Look through the data below for the line with "Maryville, Il - Cocker" and the line with "Dirk Harting - aquatint", then transcribe exactly from the first through the second, leaving out all pictures.

*** Provided data ***

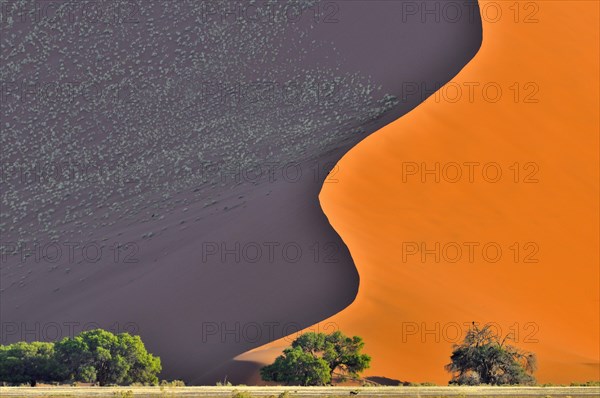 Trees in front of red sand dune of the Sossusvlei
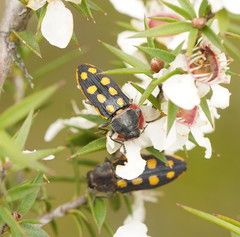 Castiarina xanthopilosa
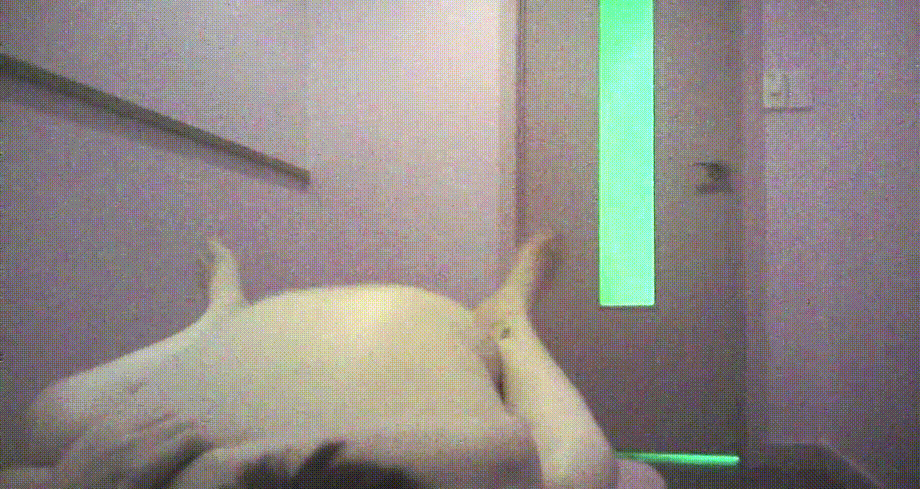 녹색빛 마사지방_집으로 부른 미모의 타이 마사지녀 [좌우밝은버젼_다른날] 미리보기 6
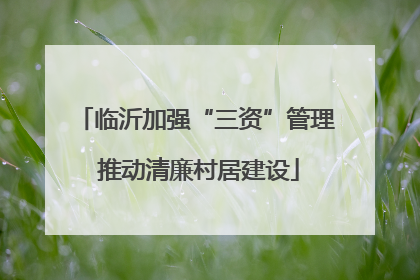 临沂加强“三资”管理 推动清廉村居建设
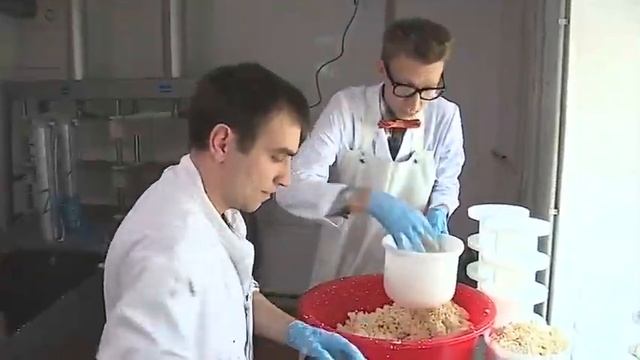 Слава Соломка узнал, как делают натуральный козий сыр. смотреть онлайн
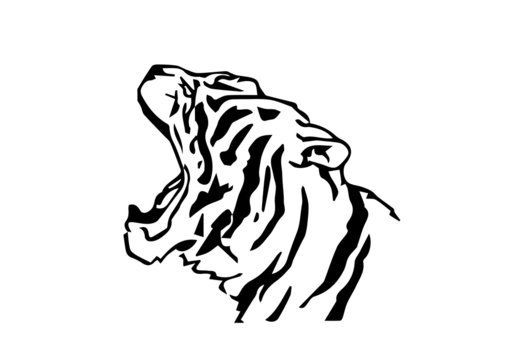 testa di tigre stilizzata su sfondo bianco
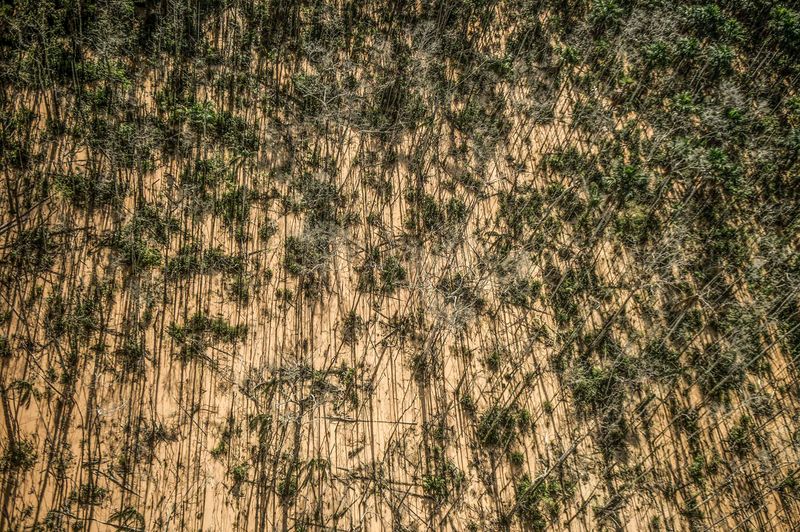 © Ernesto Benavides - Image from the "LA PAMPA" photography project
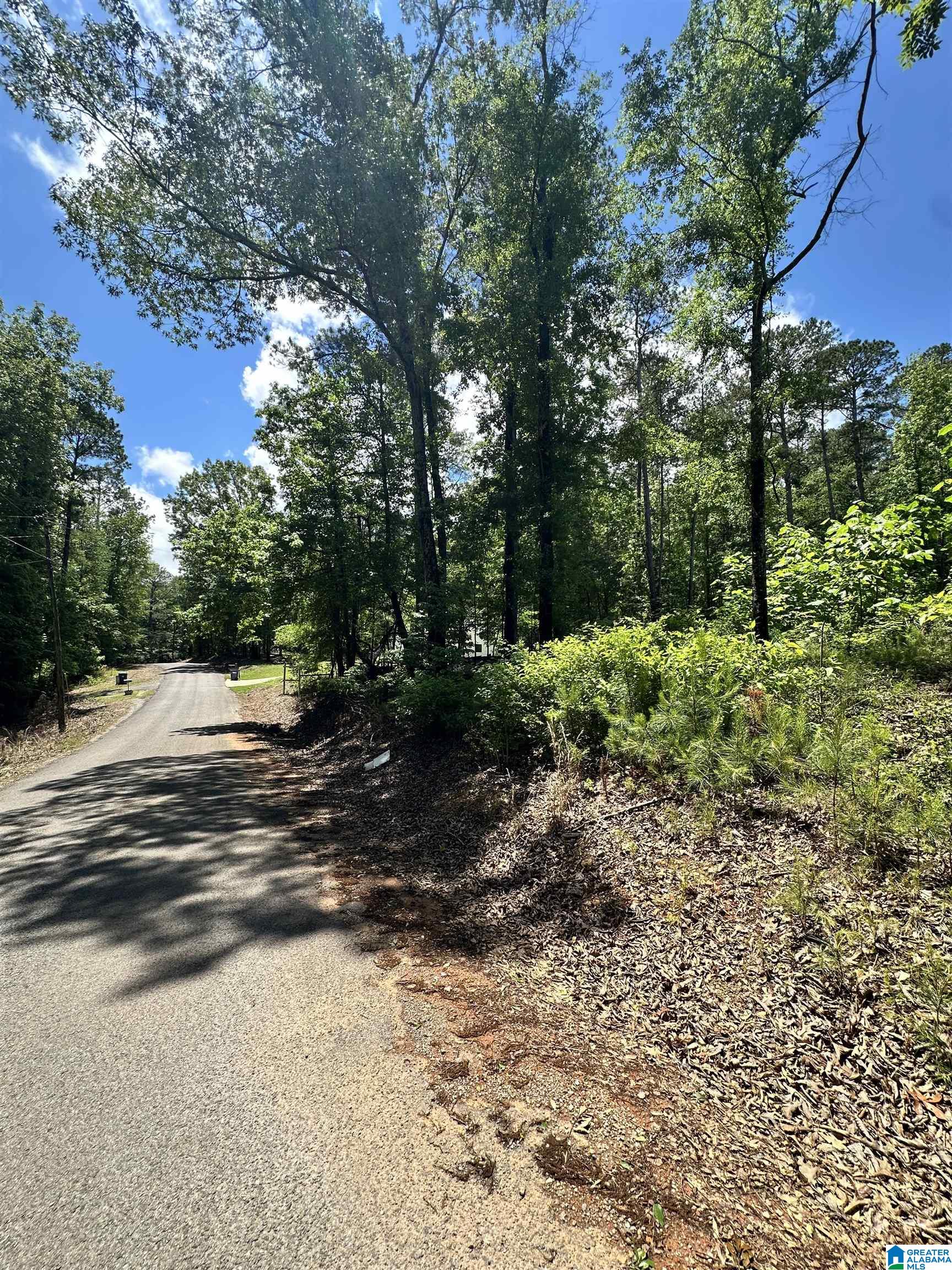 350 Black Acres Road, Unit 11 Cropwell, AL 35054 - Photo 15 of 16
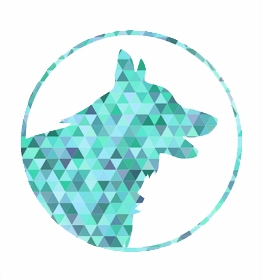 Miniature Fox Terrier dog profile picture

*** End of Provided data ***
*** Provided data ***

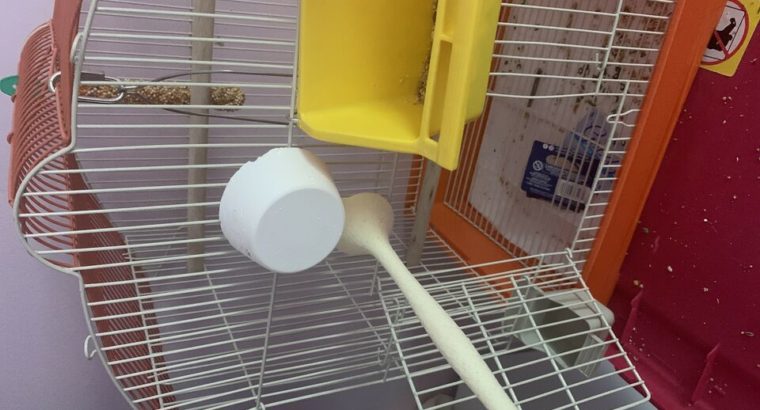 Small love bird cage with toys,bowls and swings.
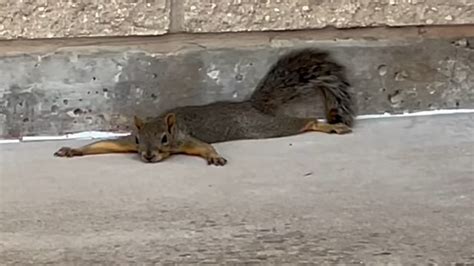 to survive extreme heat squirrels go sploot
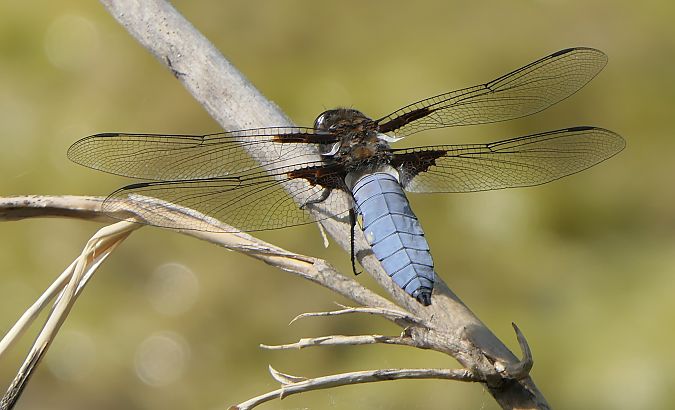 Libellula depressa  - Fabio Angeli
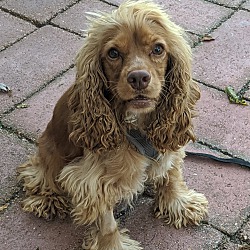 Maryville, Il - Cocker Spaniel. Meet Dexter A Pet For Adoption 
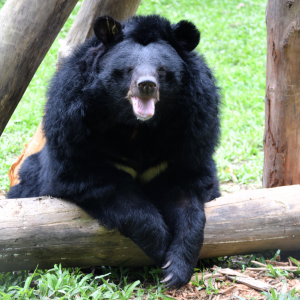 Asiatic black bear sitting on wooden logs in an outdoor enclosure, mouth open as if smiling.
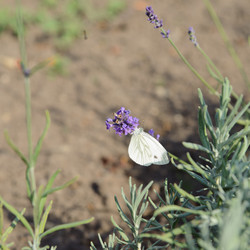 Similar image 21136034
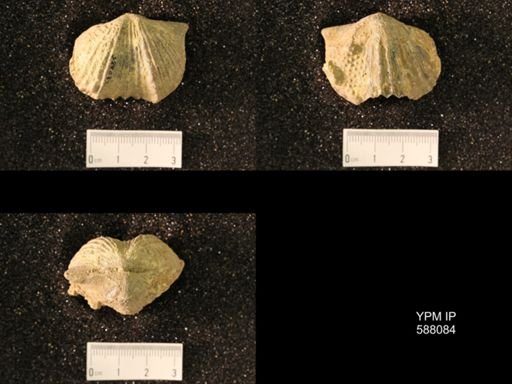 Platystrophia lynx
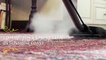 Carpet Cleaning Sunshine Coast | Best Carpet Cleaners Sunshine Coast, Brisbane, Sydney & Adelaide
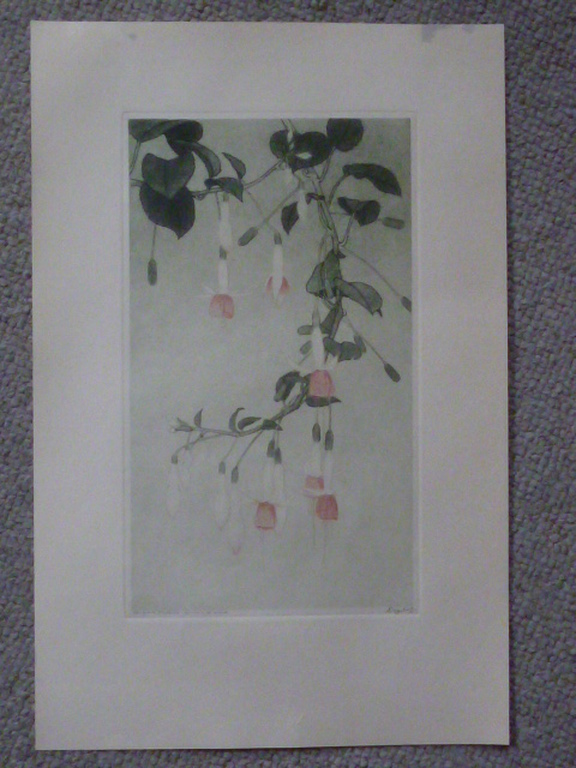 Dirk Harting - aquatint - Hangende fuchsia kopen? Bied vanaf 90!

*** End of Provided data ***

Result of the exercise -
 Maryville, Il - Cocker Spaniel. Meet Dexter A Pet For Adoption 
 Asiatic black bear sitting on wooden logs in an outdoor enclosure, mouth open as if smiling.
 Similar image 21136034
 Platystrophia lynx
 Carpet Cleaning Sunshine Coast | Best Carpet Cleaners Sunshine Coast, Brisbane, Sydney & Adelaide
 Dirk Harting - aquatint - Hangende fuchsia kopen? Bied vanaf 90!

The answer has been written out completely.